INFORMATION SUPPLIED =
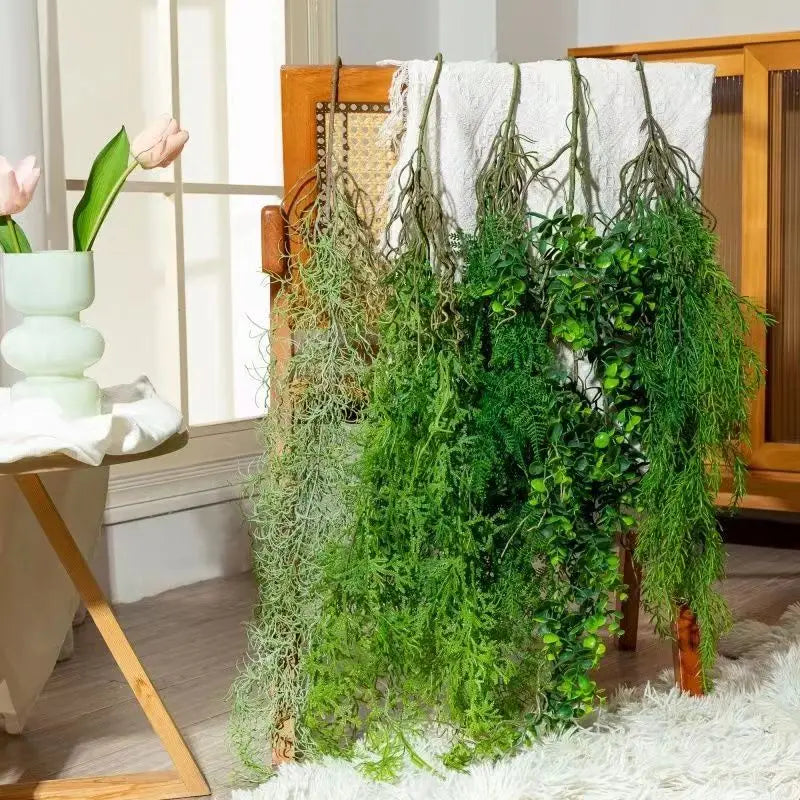 Artificial Hanging Ivy Vine – Green Rattan Grass Fake Plant for Home, Garden, Wedding & Wall Décor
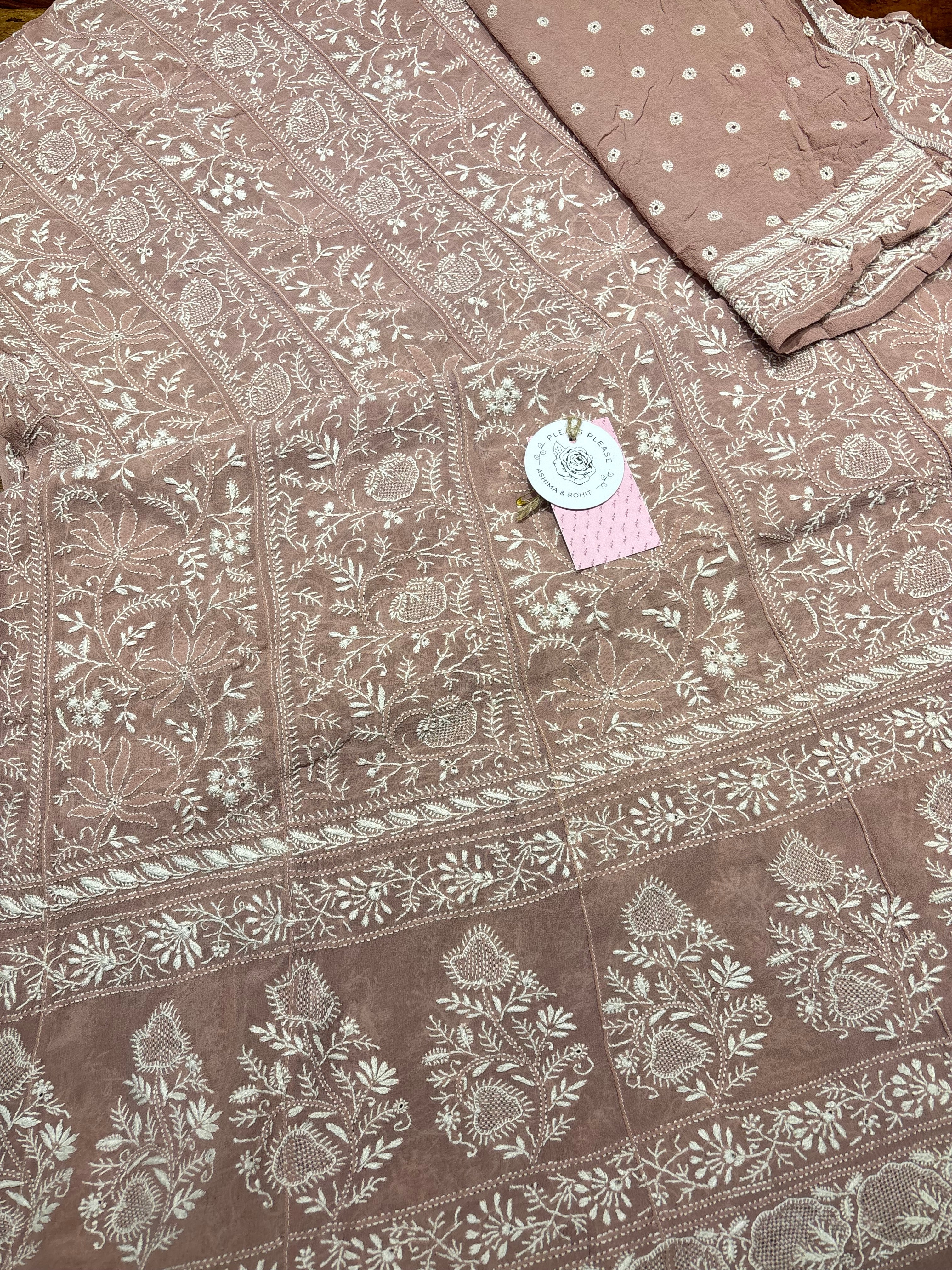 Mauve Pure & Premium Georgette Chikankari Anarkali & Dupatta Set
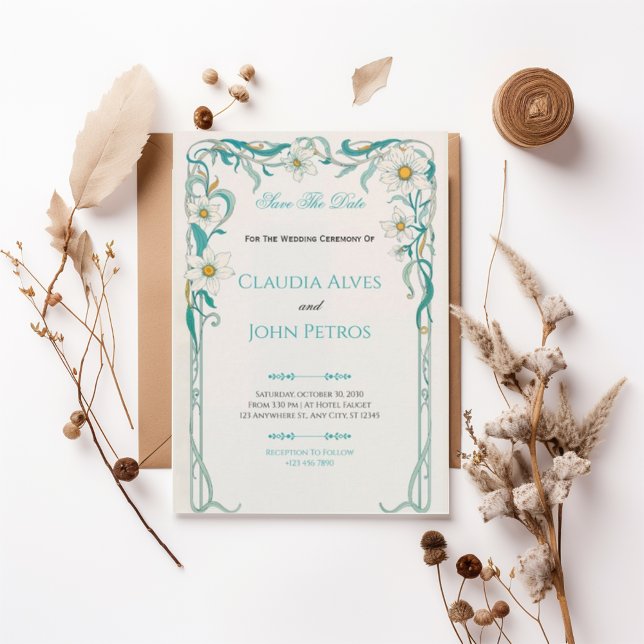 Convite Art Nouveau Floral Save the Date Invitation (Criador carregado)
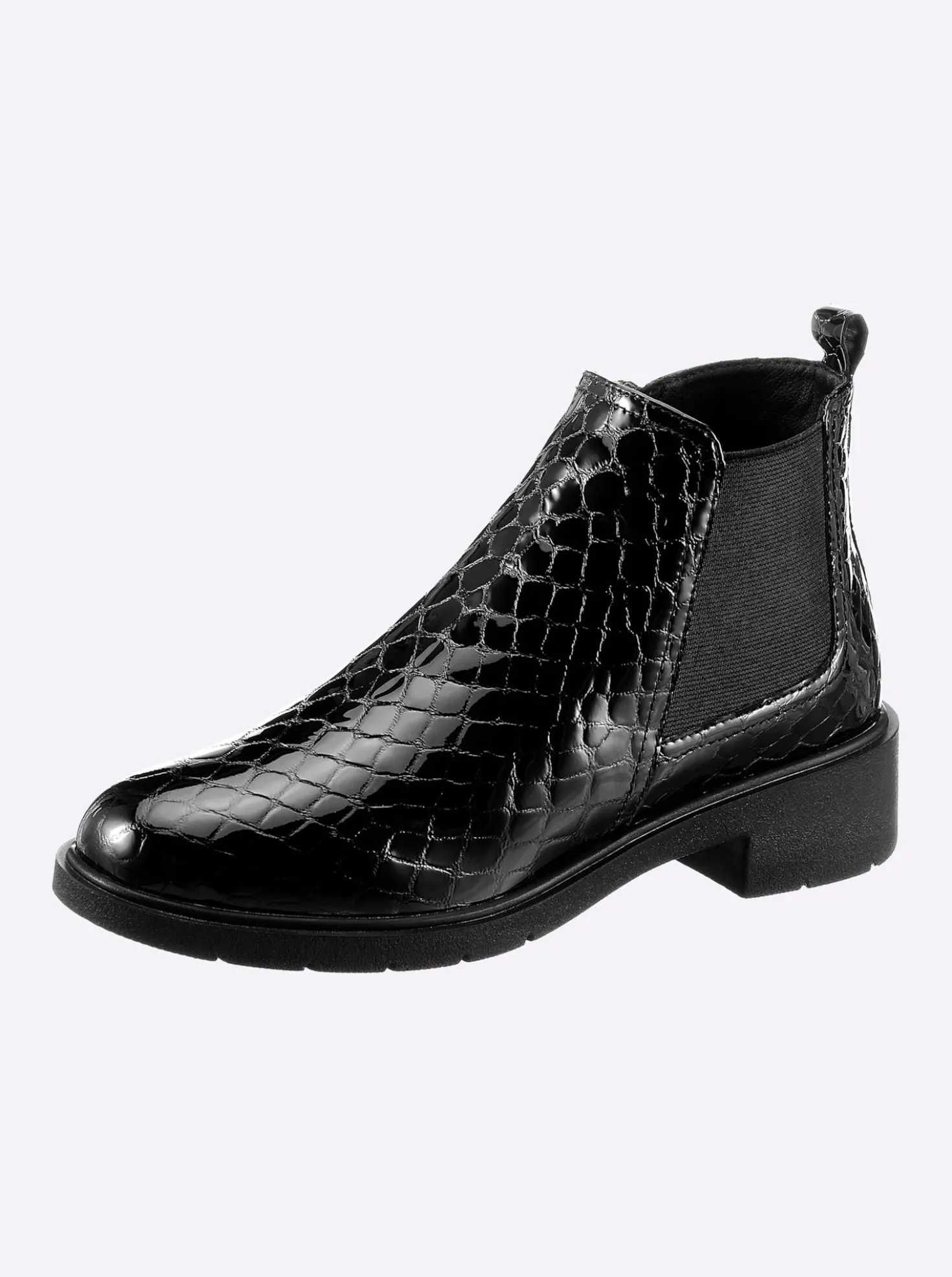 Stiefelette mit Prägung im Kroko-Look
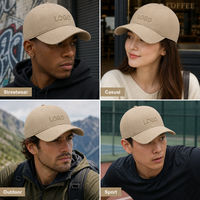 Casquette de baseball en sergé de coton beige avec logo personnalisé, 6 panneaux, réglable, brodée, unisexe, style vintage, vente en gros, OEM, faible MOQ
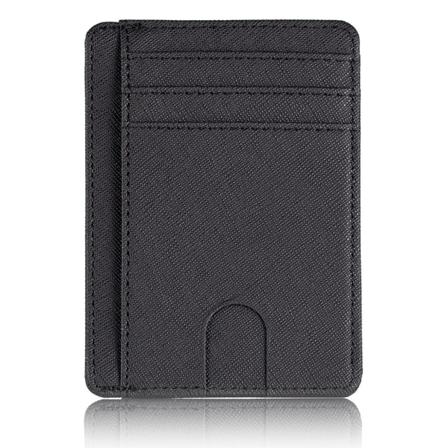 Ohut etutaskulompakko Luottokorttipidike RFID-esto Mahtuu jopa 8 korttiin Cross Pattern Black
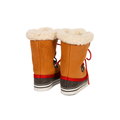 A pair of 18 inch doll ankle winter boots in tan suede with a cream shearling lining, featuring red laces, a red stripe, and a dark gray heel counter with a white and black sole. Maplelea and fits american girl dolls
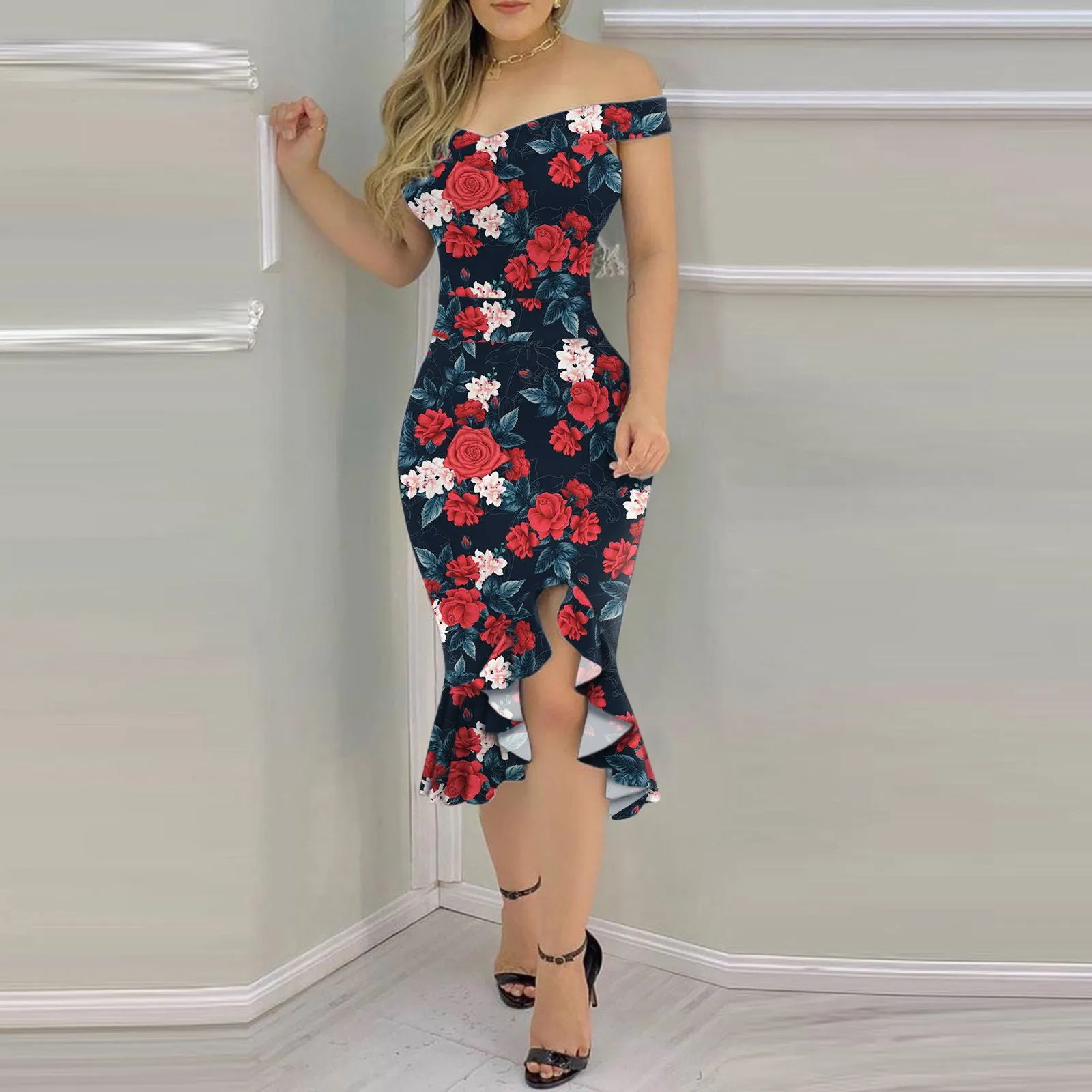 IKEARLAX European and American Foreign Trade  Summer Sexy off-Shoulder Non-Positioning Irregular Skinny Sheath Printing Dress in Stock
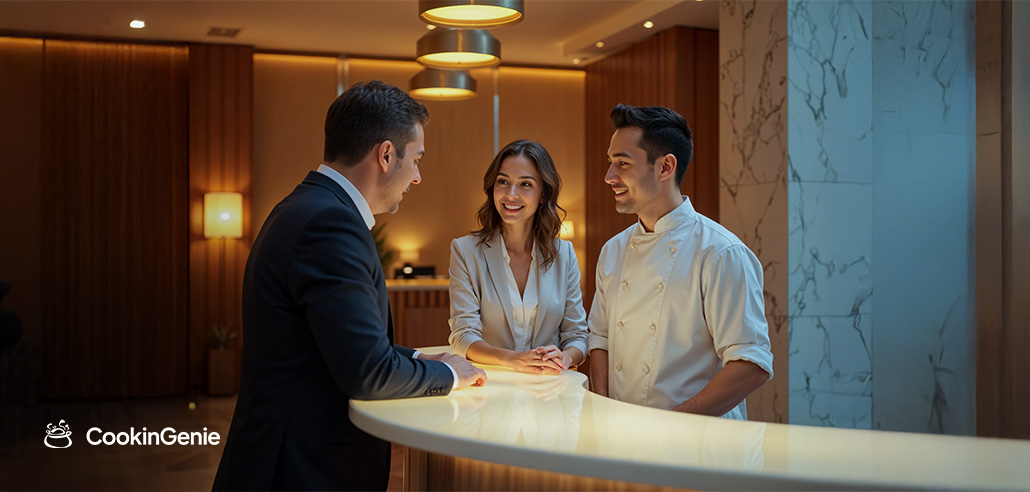 Concierge and chef discussing guest dining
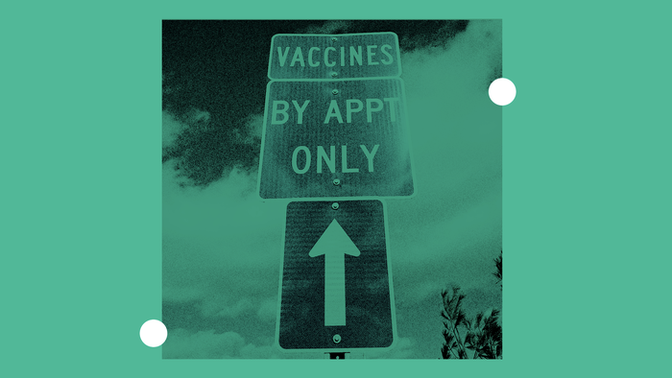 Arrow pointing to sign that says "vaccines by appointment only"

WHAT YOU ARE ASKED TO DO =
Leave out the pictures, and retype exactly the lines from the one containing "A pair of 18" through the last line of the data above, no more and no less.

TASK RESULT =
 A pair of 18 inch doll ankle winter boots in tan suede with a cream shearling lining, featuring red laces, a red stripe, and a dark gray heel counter with a white and black sole. Maplelea and fits american girl dolls
 IKEARLAX European and American Foreign Trade  Summer Sexy off-Shoulder Non-Positioning Irregular Skinny Sheath Printing Dress in Stock
 Concierge and chef discussing guest dining
 Arrow pointing to sign that says "vaccines by appointment only"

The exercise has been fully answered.